On September 18, 88-year-old Sozo Nishikawa died in Oguchi Hospital. Two days later, Nobuo Yamaki, also 88, was also found dead. Autopsies performed on the patients found that both Nishikawa and Yamaki were poisoned.
Police are now investigating whether 46 other deaths that have occurred in the hospital since July could be related. Each patient was treated on the same floor as Yamaka and Nishikawa.
"We see many people pass away due to the nature of this hospital, but had the impression that the number of those dying was increasing a bit," one hospital official said, according to the Japan Times.
Many of these bodies have already been cremated, making it next to impossible to determine if those individuals were also poisoned.
The chemical injected into the intravenous bags is believed to be a disinfectant commonly kept in nurses stations at the facility.

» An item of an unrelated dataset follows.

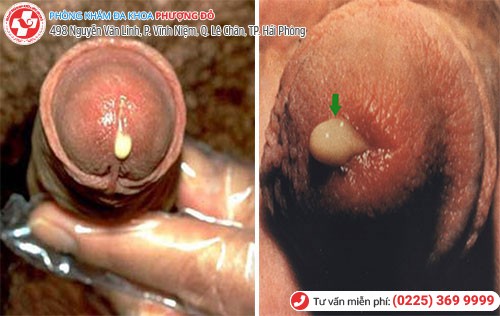 Bệnh lậu khiến nam giới đi tiểu ra mủ Bệnh lậu khiến nam giới đi tiểu ra mủ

In the wake of the autopsies, investigators found 10 intravenous drip bags with discrete holes in their rubber seals, and police believe the culprit is likely a staff member with medical knowledge.
"It’s hard to imagine a situation that an outsider entered the nurse station and tampered [with the drip bags]," said a nurse who works at the facility, according to the Japan Times.
Adding to this theory is that Yamaka and Nishikawa both died on a holiday weekend that was lightly staffed, with the hospital locked and guarded at night.
A number of bizarre incidents have been reported at Oguchi recently. Last month, a hospital worker was injured after drinking a beverage laced with bleach. In early July, a slashed nurse’s apron was found on the premises.
The problem is not limited to Yokohama. In 2000, a male nurse in a clinic in the city of Sendai was charged with killing one patient and attempting to poison four others.